We examined contextual cueing in five consecutive sessions, spread on average over 10 days, of a T-among-L visual search task (Figure 1, cf. Geringswald et al., Front. Hum. Neurosci. 2012) with novel and repeated search displays in young normal-sighted observers. Repeated displays were different in each session. We compared a gaze-contingent central scotoma simulation group (n = 23) to an unrestricted viewing control group (n = 24). The central scotoma was simulated as an opaque disk of 7° diameter, smoothly fading out at the border. The disk was of the same grey as the background, so that the black T and L stimuli disappeared into the background when covered by the scotoma.
In the control group, contextual cueing led to increasingly faster search in repeated than novel displays already in Session 1 (Figure 2), indicated by both a significant main effect of configuration (novel, repeated; F(1,23) = 6.21, p < .05) and a significant configuration x time (epochs 1-4) interaction (F(3,69) = 6.03, p < .05).

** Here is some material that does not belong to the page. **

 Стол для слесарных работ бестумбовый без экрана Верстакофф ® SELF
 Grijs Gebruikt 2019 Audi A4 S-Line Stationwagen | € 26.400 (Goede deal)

In the scotoma group, contextual cueing was first observed in session 3 (configuration main effect: F(1,22) = 6.77, p < .05; interaction: F(3,66) = 4.38, p < .05).
These results are in agreement with recent reports that visual search may adapt already after a few hours of search training to the presence of a simulated central scotoma (Kwon et al., Curr. Biol., 2013; Walsh and Liu, Vis. Res. 2014). We extend these findings by showing that such training, probably by reducing visuospatial working memory load, enables memory-guided search in the presence of central vision loss. Apart from its theoretical importance, this may show a promising way for training programs in patients with central vision loss.
This is an abstract that was submitted for the 2016 ARVO Annual Meeting, held in Seattle, Wash., May 1-5, 2016.